--- Exercise data ---
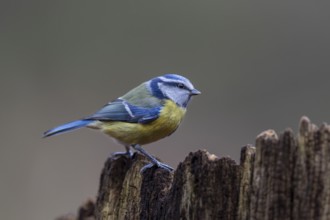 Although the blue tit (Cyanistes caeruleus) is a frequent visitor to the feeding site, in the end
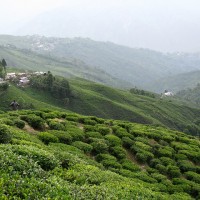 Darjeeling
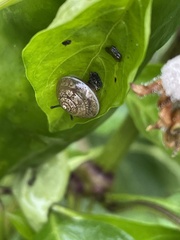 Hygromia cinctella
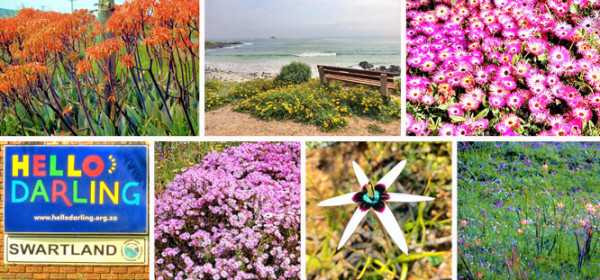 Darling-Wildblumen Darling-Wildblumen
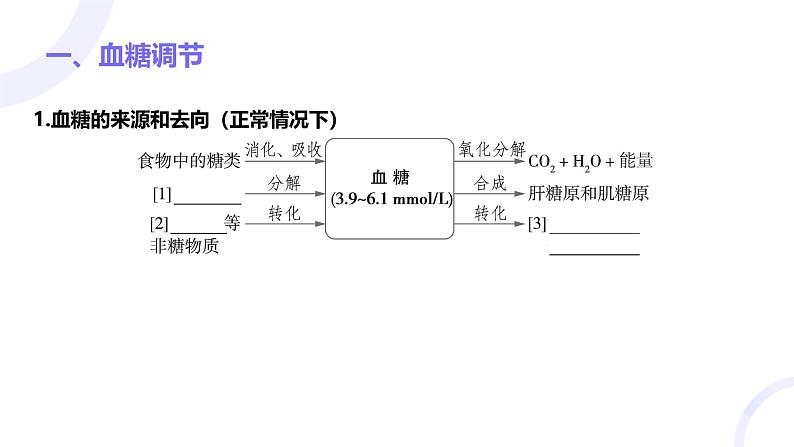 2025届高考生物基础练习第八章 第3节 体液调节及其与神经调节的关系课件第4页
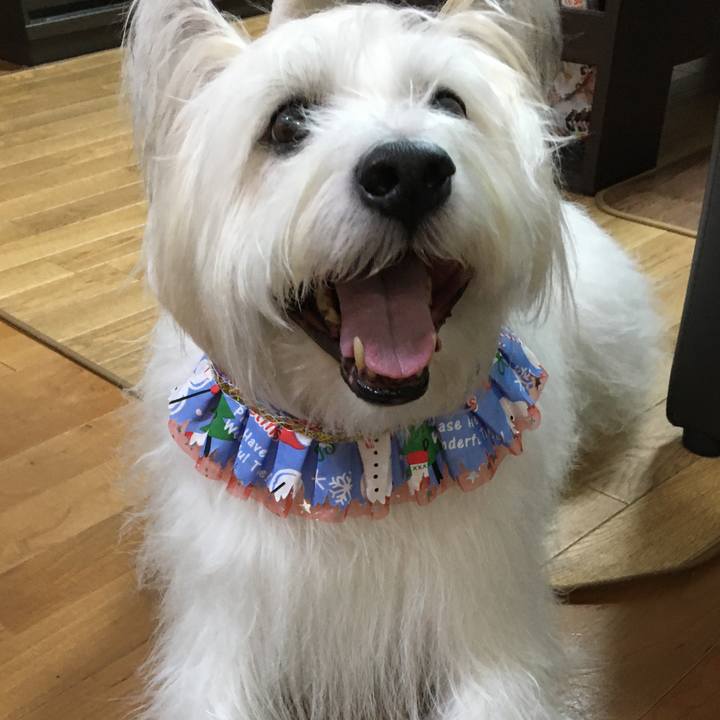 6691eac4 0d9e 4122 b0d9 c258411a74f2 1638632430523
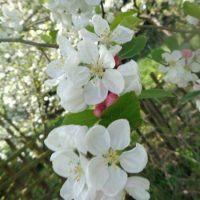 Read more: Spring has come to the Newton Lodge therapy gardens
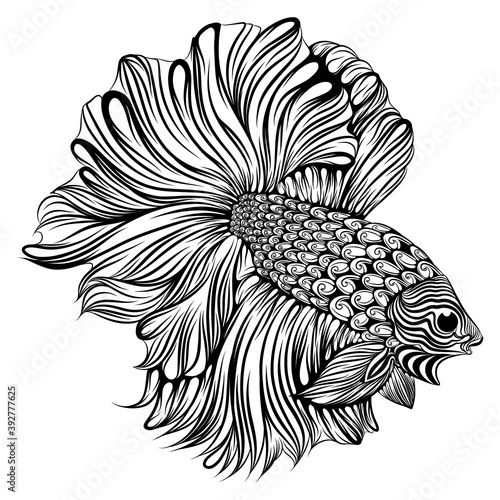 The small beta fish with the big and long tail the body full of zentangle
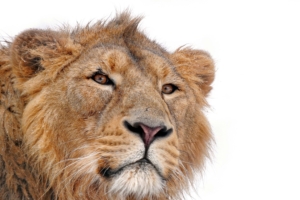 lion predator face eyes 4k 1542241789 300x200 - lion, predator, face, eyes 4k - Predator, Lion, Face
---
### Task instructions
When you restate the listing above, give each line word for word but leave out every image.

### Output of the exercise
 Although the blue tit (Cyanistes caeruleus) is a frequent visitor to the feeding site, in the end
 Darjeeling
 Hygromia cinctella
 Darling-Wildblumen Darling-Wildblumen
 2025届高考生物基础练习第八章 第3节 体液调节及其与神经调节的关系课件第4页
 6691eac4 0d9e 4122 b0d9 c258411a74f2 1638632430523
 Read more: Spring has come to the Newton Lodge therapy gardens
 The small beta fish with the big and long tail the body full of zentangle
 lion predator face eyes 4k 1542241789 300x200 - lion, predator, face, eyes 4k - Predator, Lion, Face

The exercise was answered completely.